Four of the Owls’ hits came from catcher Mackenzee Higuchi, who has already earned cleanup hitting duties as a freshman. Higuchi was a perfect 4-for-4 for the day with a double and an RBI.
“I had to work hard during the offseason and to get here feels like a really big accomplishment to me,” he said. “It’s been pretty surprising. I was expecting something a little different. It feels different but at least (Higuchi’s teammates) are happy and include me.”
Despite the age difference between the two, the connection is strong between China and Higuchi. The two have known each other for years, and it showed on Saturday. Higuchi was entrusted to call the game behind the plate and China rarely shook him off.
“I’m pretty close with him,” Higuchi said. “I knew him for a while now so I know what he can do.”
“I knew this guy since 10, 11 years old,” China said of his catcher. “I trusted him and he trusted me and we completed a game with no runs.”

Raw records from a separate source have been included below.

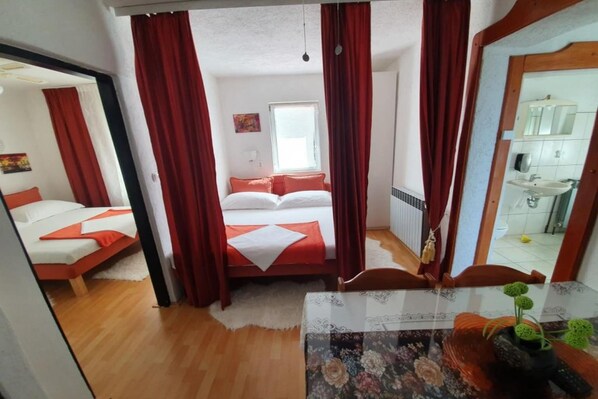 Een slaapkamer met een bed, een spiegel en een zichtbare badkamer door een geopende deur.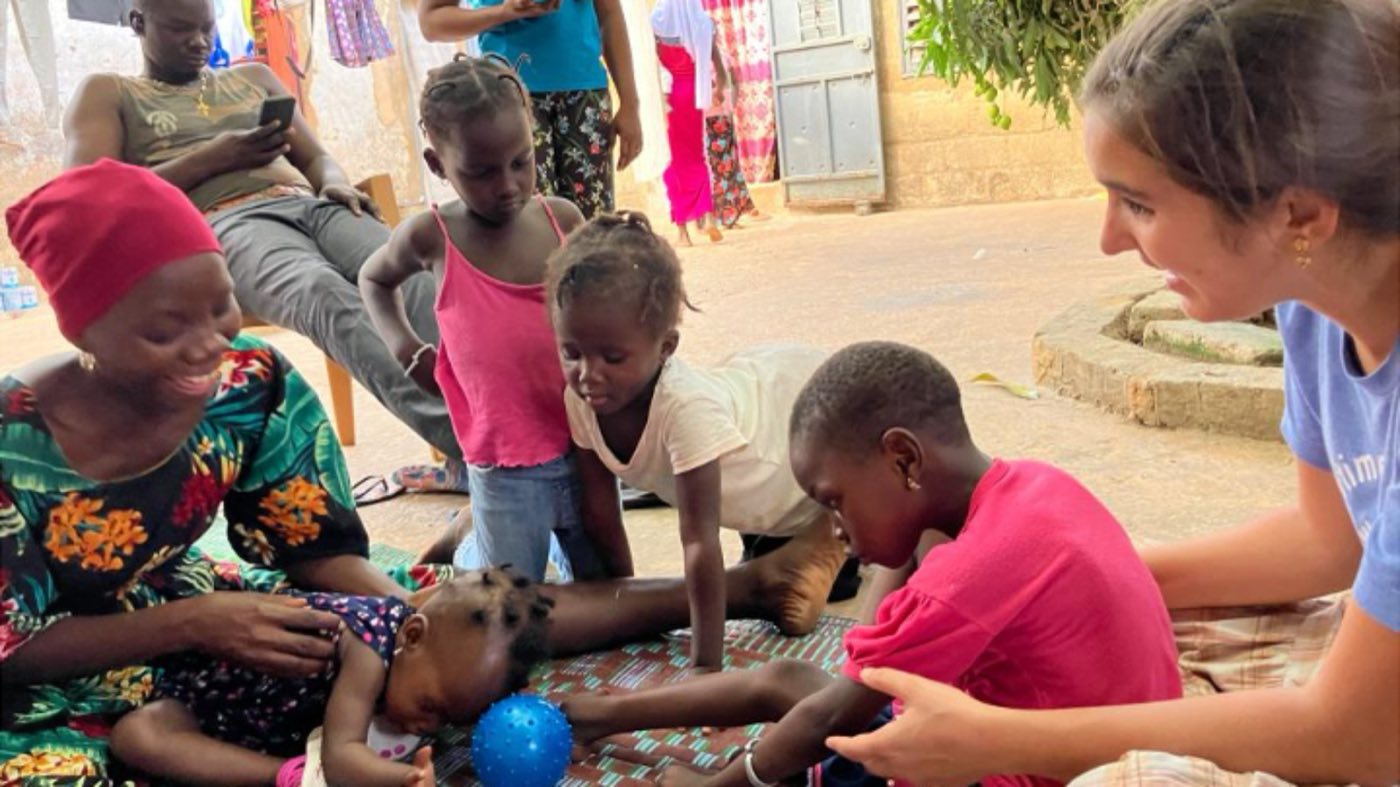 Children and a visitor playing with a ball beside a child lying on a mat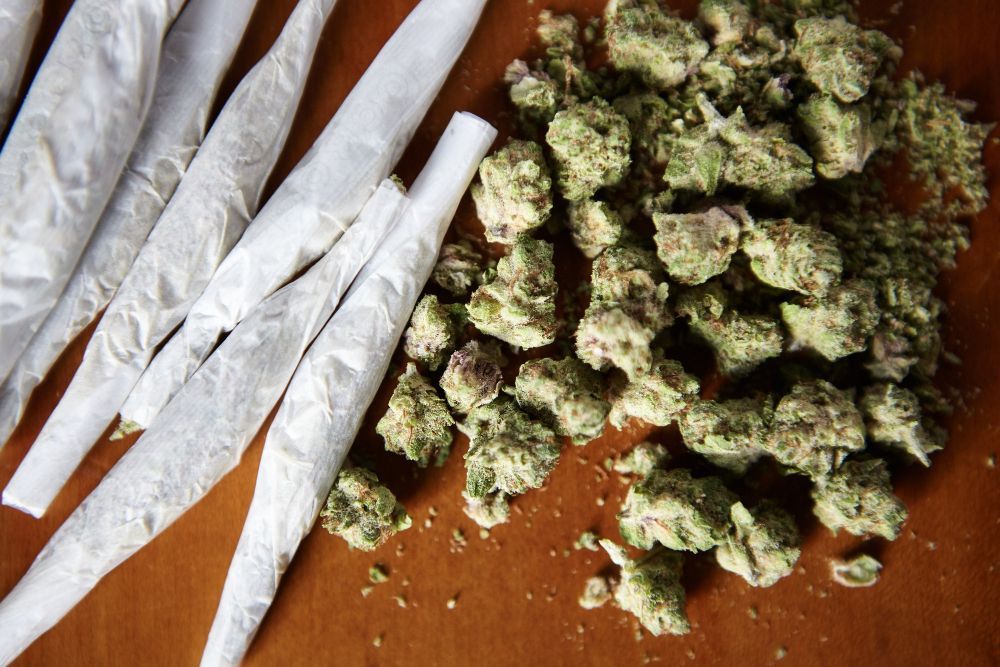Cannabis buds and pre-rolled joints arranged on a wooden surface.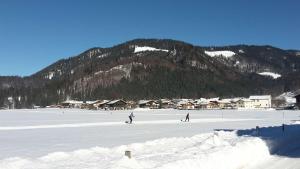 dos personas esquiando en la nieve frente a una montaña en Ferienwohnung Gilch, en Oberwössen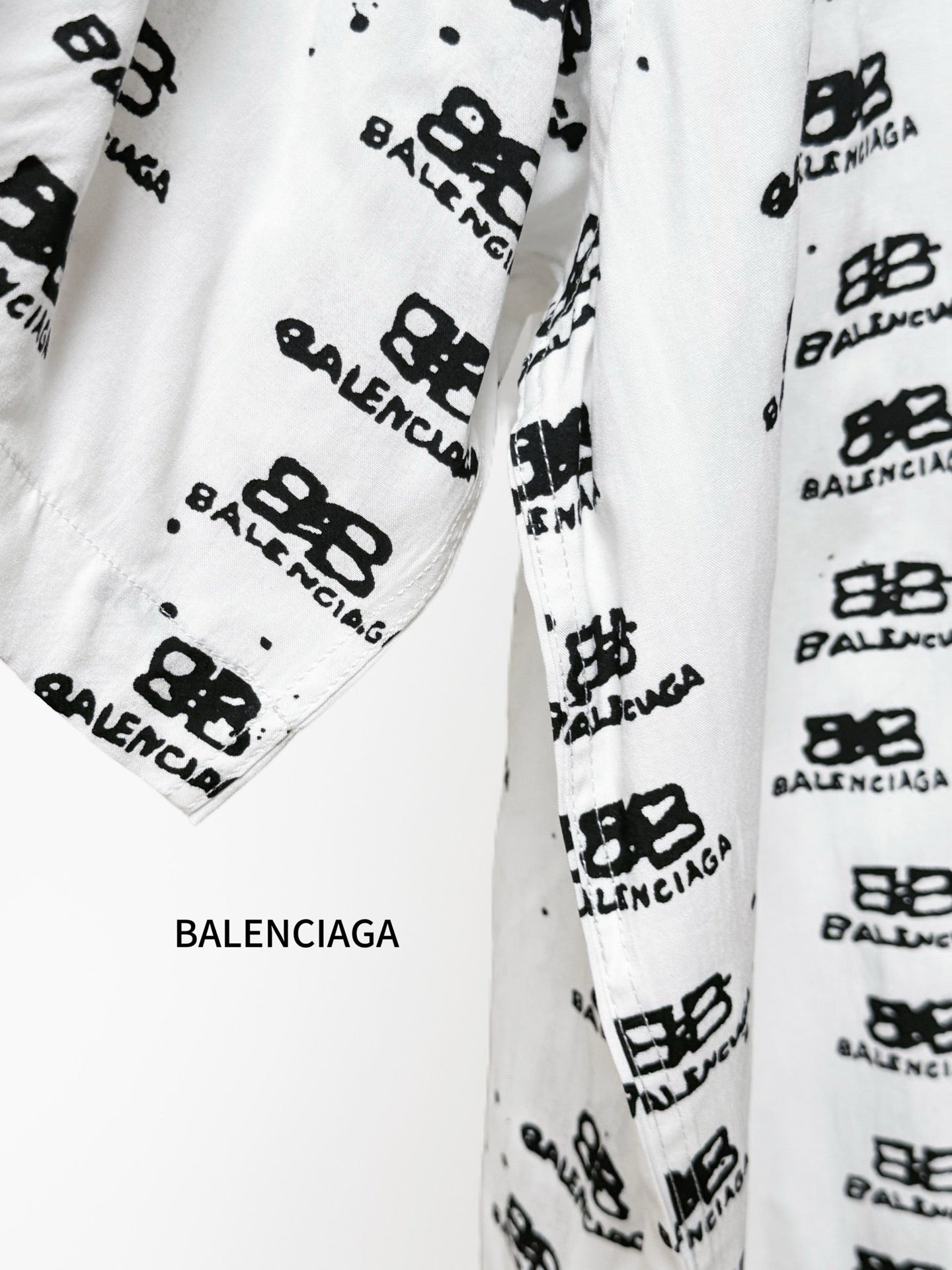 Balenciaga long-sleeve shirt sleeve close-up in white with black logo print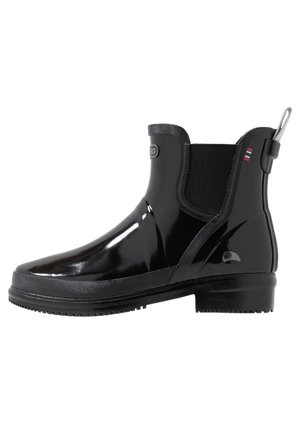 Botte de pluie noire brillante à la cheville avec panneaux latéraux élastiques, languette au talon et semelle texturée pour une bonne adhérence.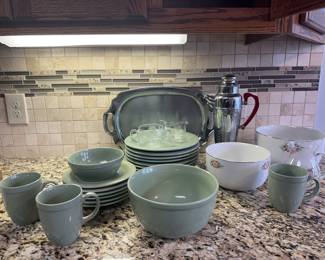 Six dinner plates, one has a chip underneath. Three mugs, six small plates, one serving bowl and one cereal bowl.
Creamer and sugar dishes, two mixing bowls by Hall’s. Silver plate, serving tray and stainless coffee server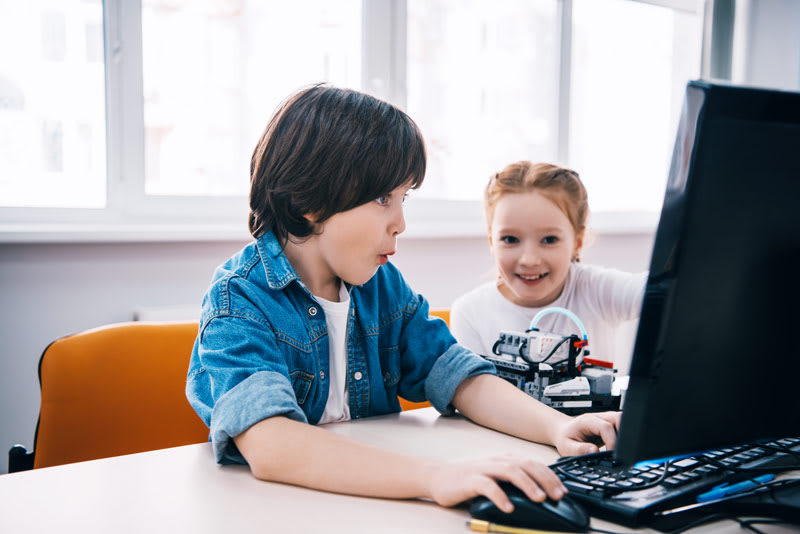 students using technology to discover math concepts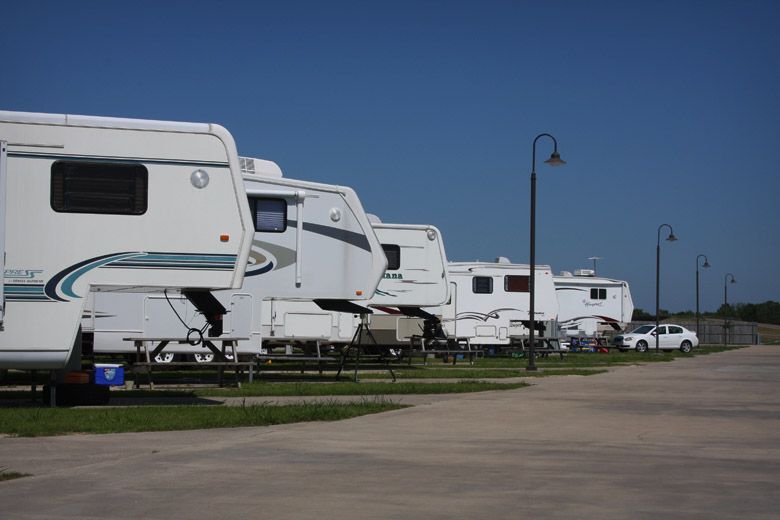 RV campground with multiple white RVs parked along a concrete lane under a blue sky.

MPI coach Dunn Muramaru was pleased with China’s performance, while Punahou coach Keenan Sue thinks his team can take something away from the loss.
“Any time you’re gonna throw multiple pitches for strikes in this league, you’re gonna keep guys off balance. He did a really good job,” Sue said. “What I really appreciated about his approach was he’s an absolute competitor.
“He’s out there throwing strikes, he getting his team riled up, he’s at the plate swinging the bat hard. That’s how you want to play the game. I think they should be proud of that and our team has something to learn from that.”
Last year’s Owls missed out on a state tournament berth for the first time since 2009. This year’s team is striving to end its season as differently as possible.
“We have a statement to make,” China said. “Last season was one of the worst seasons ever and we just have to prove that it was just that season.”